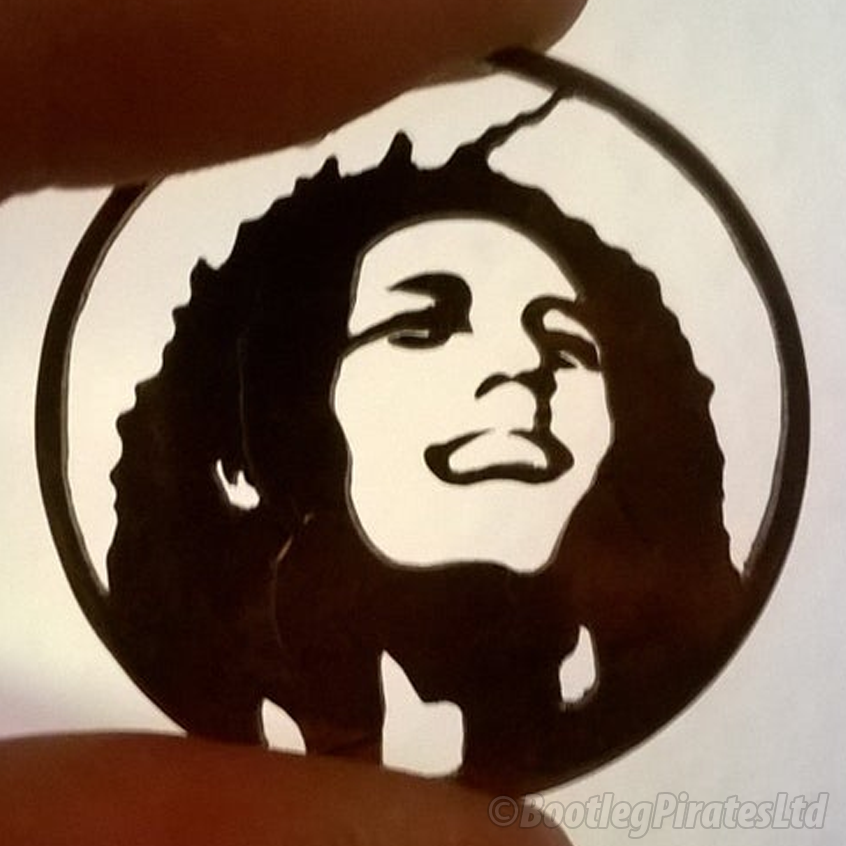 Bob Marley, Hand Cut Coin.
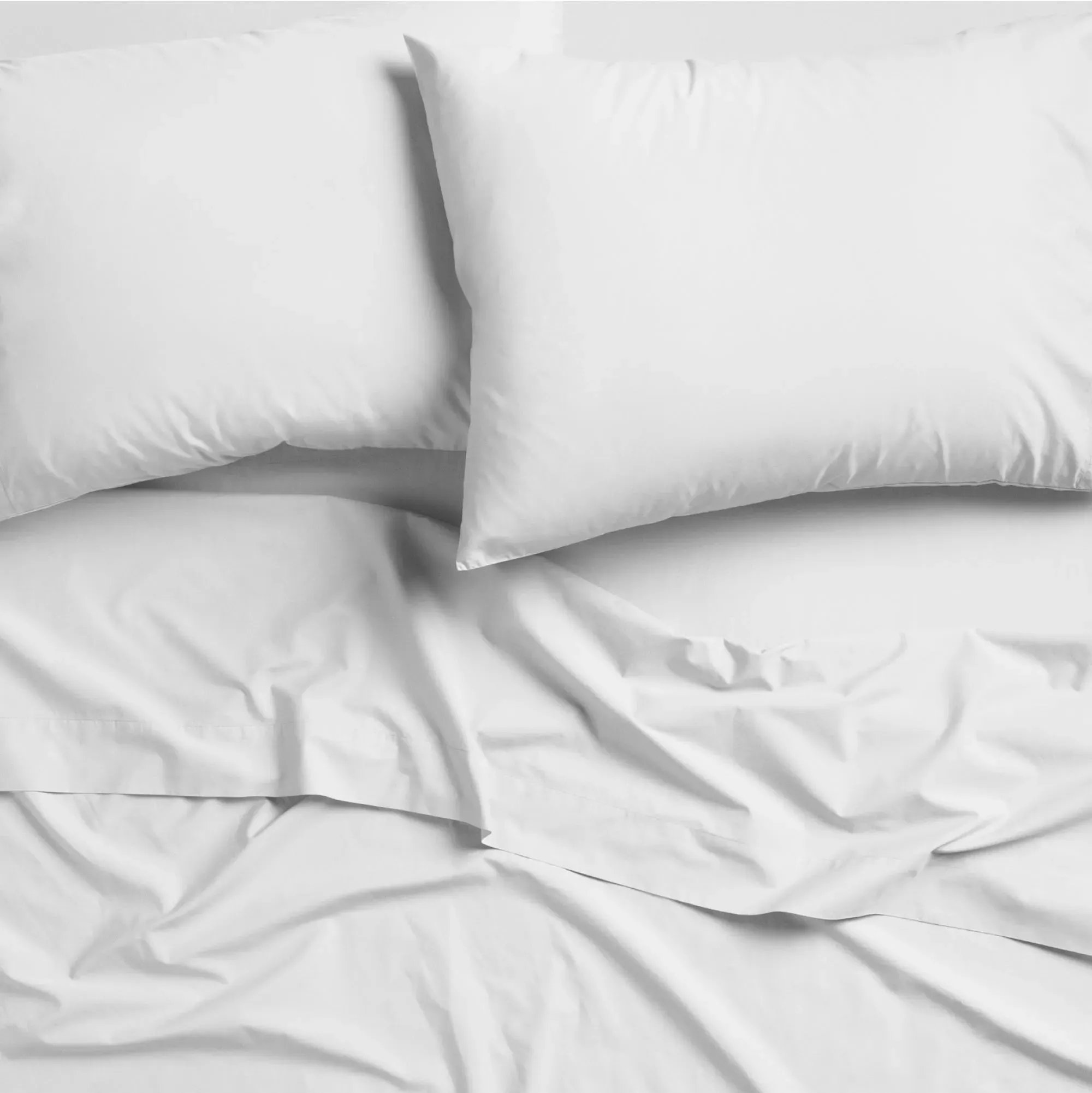 King Size Percale Pillowcase Set - Cloud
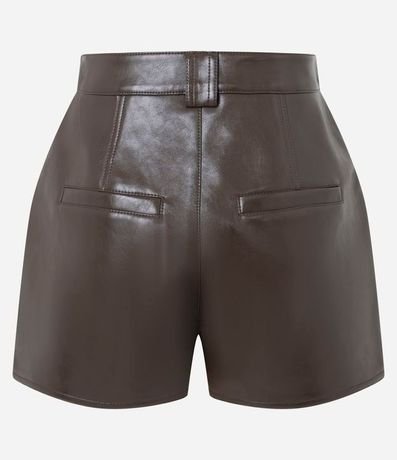 Short Pollera Corto en PU con Bolsillos Delanteros 3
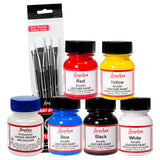 Angelus Leather Paint Basics Kit 11pc Set for Custom Leather Art and Restoration - Retail Maharaj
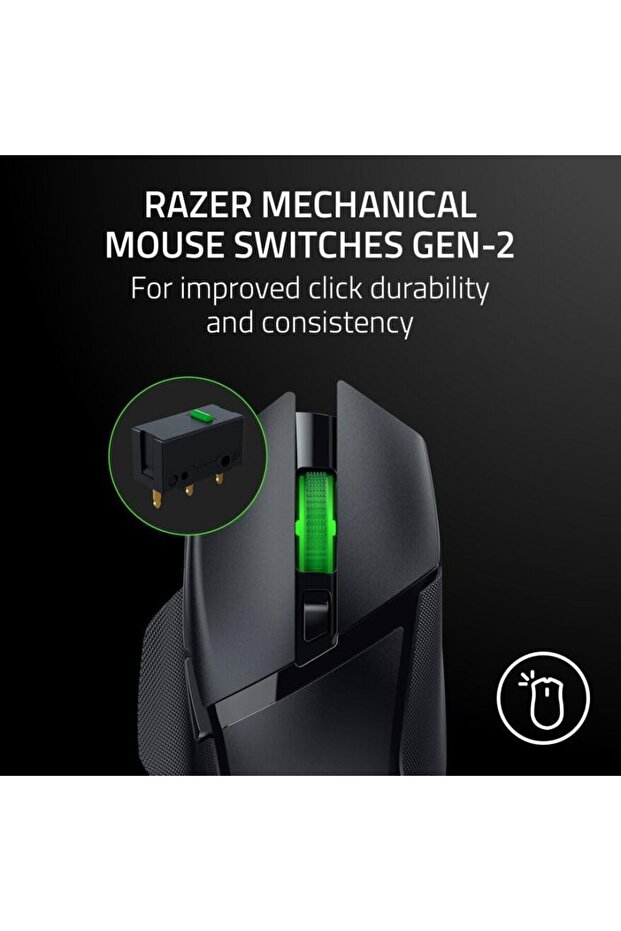 ماوس الألعاب اللاسلكي القابل للتخصيص Basilisk V3 X HyperSpeed - 4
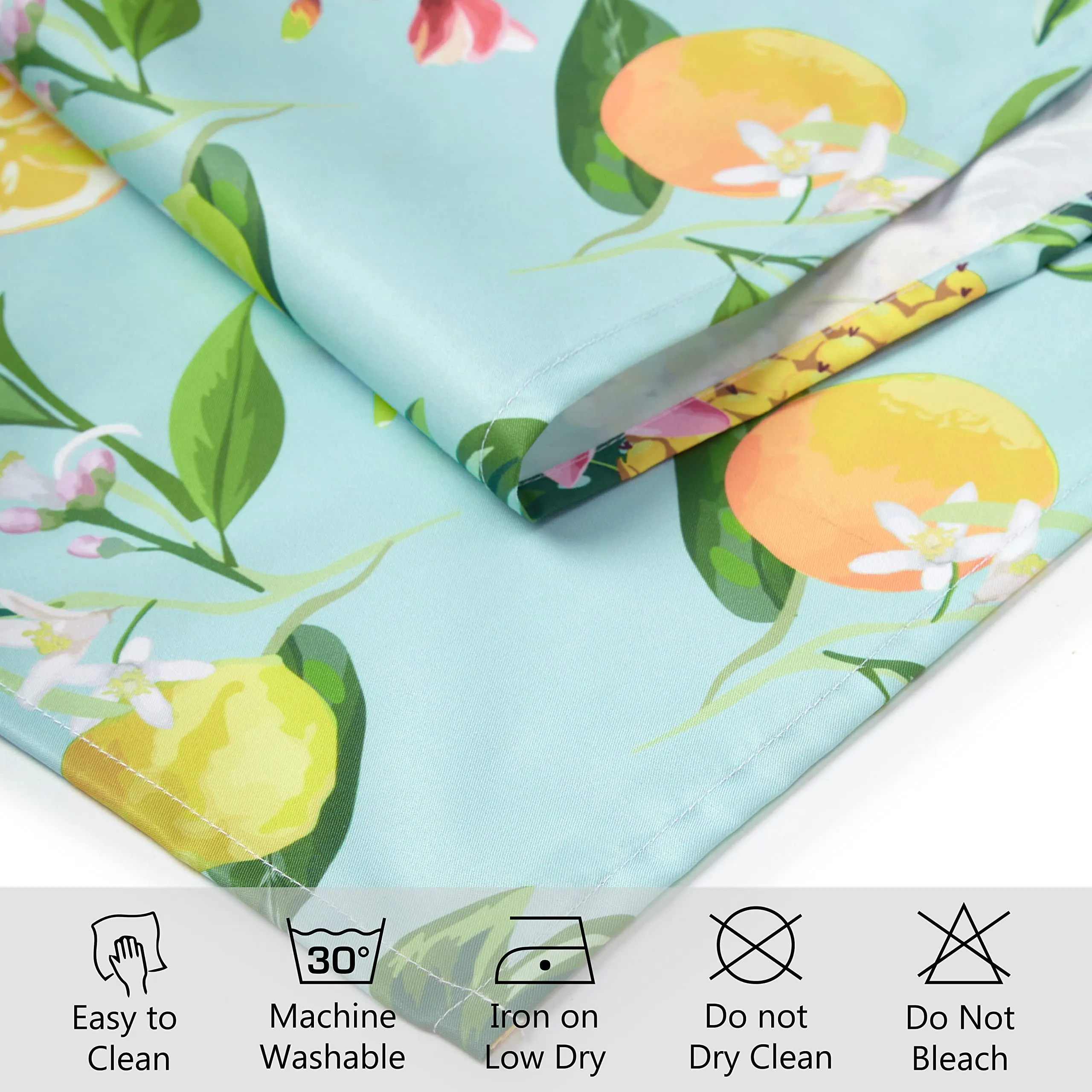 Encasa Dining Table Runner for 6 Seater - Water Repellent - Polyester Printed Twill Fabric - Size 32x200 cm - Decorative Cloth for Center and Coffee Table - Washable - Durable - Pineapple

About this task: Give the records again without a single change, and exclude the pictures.

Written answer:
 Bob Marley, Hand Cut Coin.
 King Size Percale Pillowcase Set - Cloud
 Short Pollera Corto en PU con Bolsillos Delanteros 3
 Angelus Leather Paint Basics Kit 11pc Set for Custom Leather Art and Restoration - Retail Maharaj
 ماوس الألعاب اللاسلكي القابل للتخصيص Basilisk V3 X HyperSpeed - 4
 Encasa Dining Table Runner for 6 Seater - Water Repellent - Polyester Printed Twill Fabric - Size 32x200 cm - Decorative Cloth for Center and Coffee Table - Washable - Durable - Pineapple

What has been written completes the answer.